A cheap , reliable torque wrench in inch plounds: Harbor Freight- fo Nineteen bucks .
That said, to specify torque these prop bolt setups is just about impossible -you can look up a given bolt and torque within it's designed operating limits but again a problem--
Back to basics:
1- measure stack height of washer and prop and spinner backplate.
run a threaded bolt into the hub -
2--find bottom -or 3/4" whichever comes first.
3-Select prop bolts which engage 3/8" to 1/2" when all assembled.
4-Clean all bolts and holes but don't lube anything.
On multiple patterns -tighten to a firm grip on a Tee handle . On a 4mm Tee handle for 5mm bolt about 8" long ( mixed measurements ,I know) the wrench will flex the shank about a 1/8-1/4 a turn when tight
On glass prop -this comes up abruptly
On wooden prop -this is gradual and keeps on going each time you tighten it
What is that torque ?pretty in low foot lbs not over 10 ft ft pounds- more like 5+
If you now have the inch /lb wrench - try some settings and get a feel for it .
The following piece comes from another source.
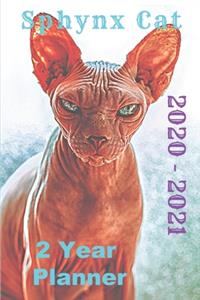 Sphynx Cat 2020 - 2021 2 Year Planner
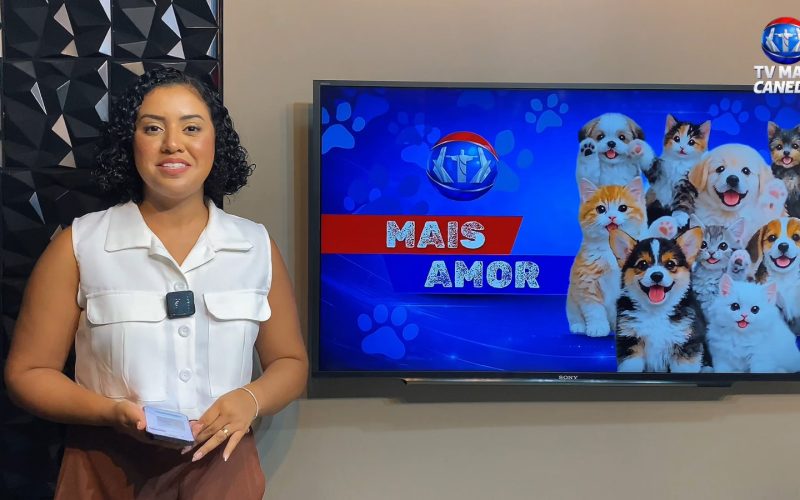 Quadro Mais Amor: adoção responsável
Here are some comparisons : a spark plug in a ZDZ-tapered seat NO gasket - is 15 ft pounds - that is a LOT
On a typical spark plug with a crush gasket,under 10 ft pounds-
Now, a typical single bolt 8mm model prop retainer setup-10 lbs again no more tha15 even on one of those POS four strokers that try to slip/ backfire and cut your hand off.
Let's say 15 lbs is really enough on a good single 10mm bolt
that is total compression to engage clutch force needed to secure the prop ( MVVS 26- BME 40 etc)
So----15/6=less than 3 -meaning that about 5 lbs one each bolt is likley all you really need.
On wood because it compresses constantly- ya gotta check em!!
between assimilating the above threads and also learning to drill the prop for a drop in fit on all six bolts - you should be ready to rip
Any other ideas?

Last edited by dick hanson; 08-24-2006 at 10:03 AM.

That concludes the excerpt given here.